Task instructions:
Output the entries below unchanged, except for the pictures.

......

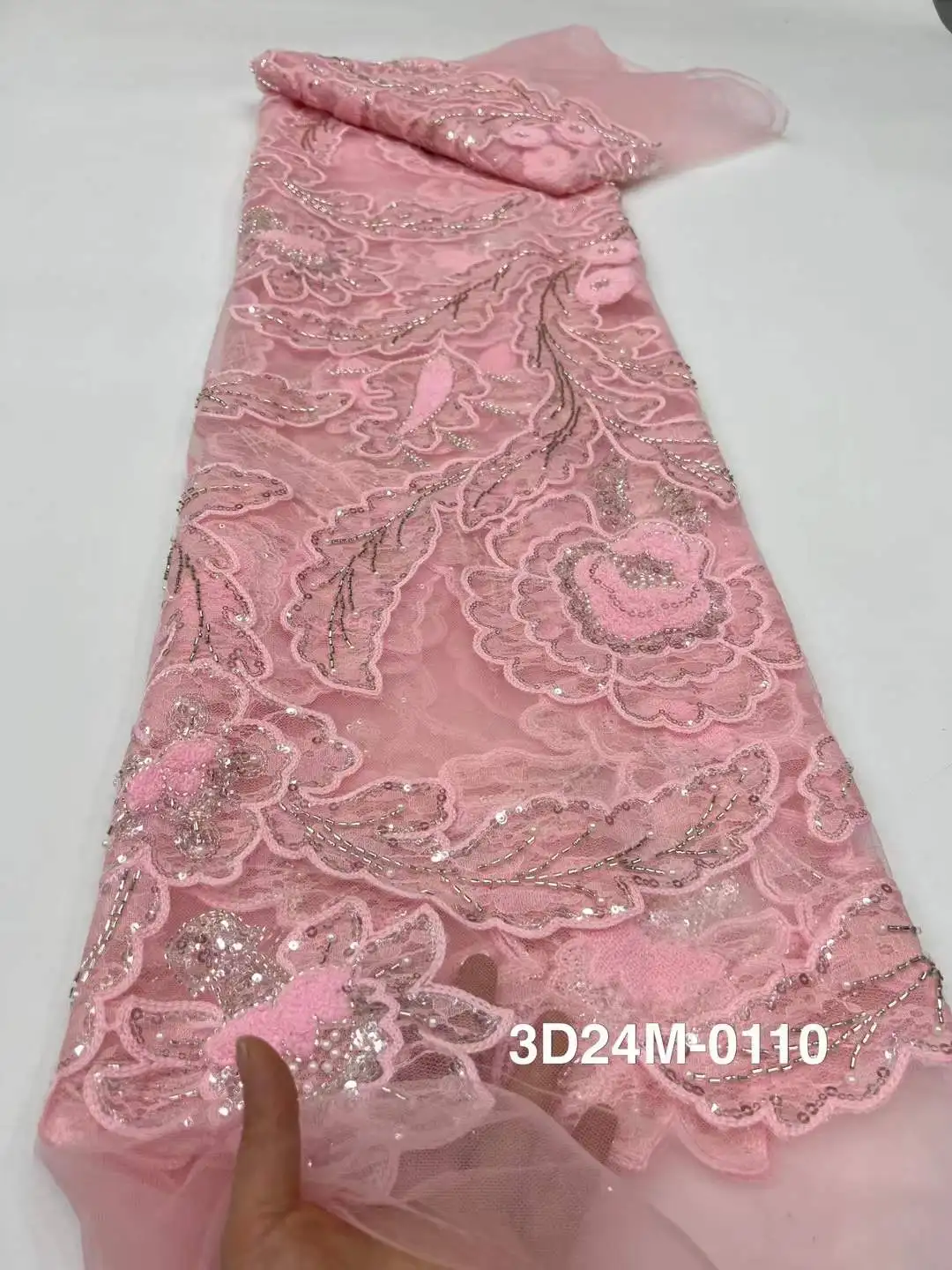 Latest African French Beads Tulle Lace High quality Nigerian Luxury Sequins Embroidery Net Lace Fabric For Evening Dress
Latest African French Beads Tulle Lace High quality Nigerian Luxury Sequins Embroidery Net Lace Fabric For Evening Dress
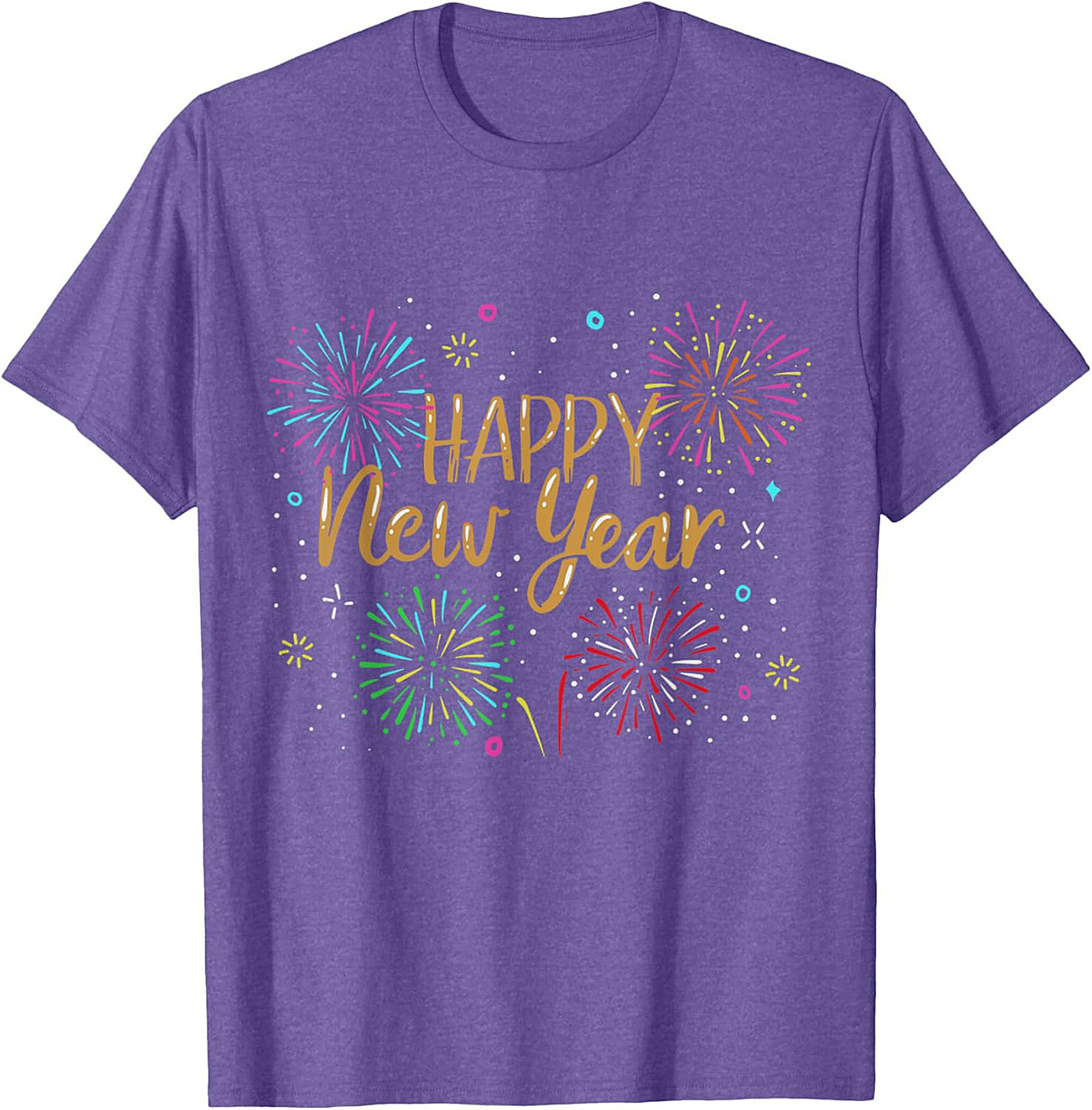 Happy New Year T-shirt Festive Fireworks Graphic Tee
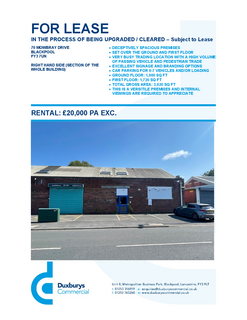 Industrial development to rent, 70 Mowbray Dr Blackpool FY3 7UN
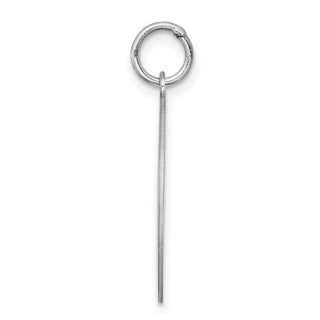Sterling Silver Rhodium-plated Weimaraner Dog Disc Charm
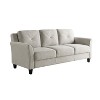 Lifestyle Solutions Harper Sofa Woven Beige - image 3 of 4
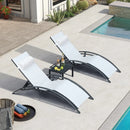 PURPLE LEAF Replacement Textilene Headrest Pillow for Chaise Lounge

......

Output for this exercise:
 Latest African French Beads Tulle Lace High quality Nigerian Luxury Sequins Embroidery Net Lace Fabric For Evening Dress
Latest African French Beads Tulle Lace High quality Nigerian Luxury Sequins Embroidery Net Lace Fabric For Evening Dress
 Happy New Year T-shirt Festive Fireworks Graphic Tee
 Industrial development to rent, 70 Mowbray Dr Blackpool FY3 7UN
Sterling Silver Rhodium-plated Weimaraner Dog Disc Charm
 Lifestyle Solutions Harper Sofa Woven Beige - image 3 of 4
 PURPLE LEAF Replacement Textilene Headrest Pillow for Chaise Lounge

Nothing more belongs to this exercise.